Math with Mr. J: Solving One-Step Inequalities

Introduction

• Topic: Solving one-step inequalities
• Key Concept: Similar to one-step equations; isolate the variable using inverse operations.
• Difference from Equations: Inequalities have infinite solutions, while equations have one.
• Important Rule: Flip the inequality symbol when multiplying or dividing both sides by a negative number.

Example 1: ( y + 7 < 8 )

• Objective: Isolate ( y )
• Operation: Subtract 7 (inverse of +7)
  • ( y + 7 - 7 < 8 - 7 )
  • Result: ( y < 1 )
• Solution: Any number less than 1
• Verification: Plug ( y = 0 ), and it satisfies ( 0 + 7 < 8 )

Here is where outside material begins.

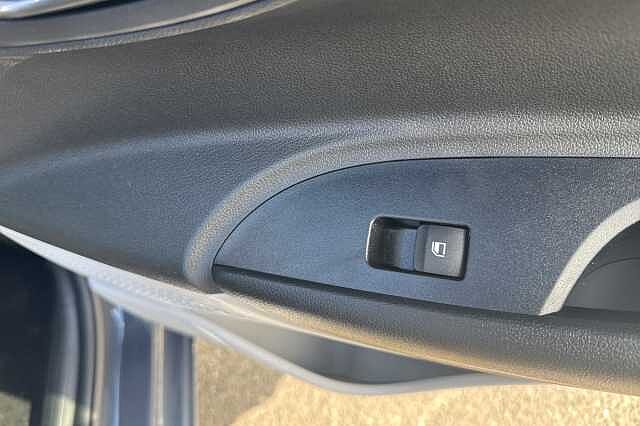 Hyundai I20 1.0T GDi 90 Tech Line 5dr Grey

Example 2: ( \frac{x}{5} \geq 3 )

• Objective: Isolate ( x )
• Operation: Multiply by 5 (inverse of division by 5)
  • ( 5 \times \frac{x}{5} \geq 3 \times 5 )
  • Result: ( x \geq 15 )
• Solution: Any number 15 or greater
• Verification: Plug ( x = 20 ), and it satisfies ( \frac{20}{5} \geq 3 )

Example 3: ( 14 \geq n - 11 )

• Objective: Isolate ( n )
• Operation: Add 11 (inverse of -11)
  • ( 14 + 11 \geq n - 11 + 11 )
  • Result: ( 25 \geq n )
• Solution: Any number 25 or less
• Verification: Plug ( n = 20 ), and it satisfies ( 14 \geq 20 - 11 )

Example 4: ( -6r < 36 )

• Objective: Isolate ( r )
• Operation: Divide by -6 (inverse of multiplication by -6)
  • Important Step: Flip inequality sign
  • ( r > -6 )
• Solution: Any number greater than -6
• Verification: Plug ( r = -2 ), satisfies ( -6(-2) < 36 )
• Note: Flipping sign necessary for correct solutions

Summary

• Solving one-step inequalities involves isolating the variable similar to solving equations.
• Must remember to flip the inequality symbol when multiplying/dividing by negative numbers.
• Infinite solutions differentiate inequalities from equations.
• Additional resources available for further understanding why the inequality sign is flipped.